A dévorer !

« Féminicide », Pascal Engman : mourir d’être femme…

Point besoin de circonvolutions pour évoquer la thématique de ce récit enfiévré et haletant : deux femmes sont assassinées dans la ville de Stockholm. La première venait de rompre avec son petit ami, un type violent, alors incarcéré en prison ; la seconde est la compagne illégitime d’un présentateur télé adulé par tout le pays. Simple vendetta personnelle d’hommes refusant d’être éconduits par des femmes ? Tout porte à le croire, ou en tout cas les preuves qui incriminent les pseudo-coupables.

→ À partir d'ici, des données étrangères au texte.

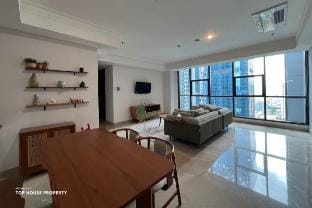 3 Kamar Penthouse Casa Grande Private Lift Luxury Vacation rental in South Jakarta City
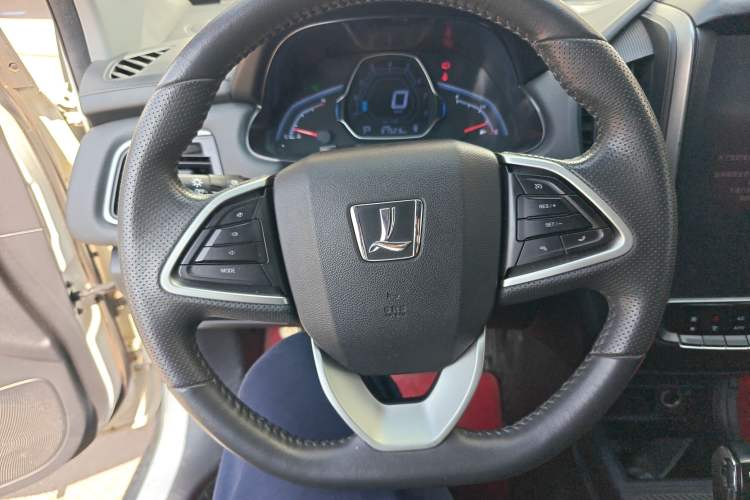 Used Luxgen U5 SUV 2017 1.6L CVT Maxima AR+ Edition Steering Wheel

Mais ce serait trop simple, forcément. D’autant plus qu’une voix féminine parvient, malgré l’affreuse agression dont elle a été victime, à innocenter le petit ami de la première victime.

Ce roman se lit comme un thriller, bien évidemment. Pourtant, le réduire à cela serait une nouvelle fois trop simple. En effet, derrière chaque agression et au détour de quelques chapitres savamment intrigants, se devine peu à peu une haine viscérale d’hommes envers les femmes. Une misogynie assumée, revendiquée, d’hommes qui subissent pour certains un célibat involontaire, d’autres qui cultivent une consommation matérialiste et sexuelle de la femme… Dans tous les cas, la haine, viscérale, du sexe féminin.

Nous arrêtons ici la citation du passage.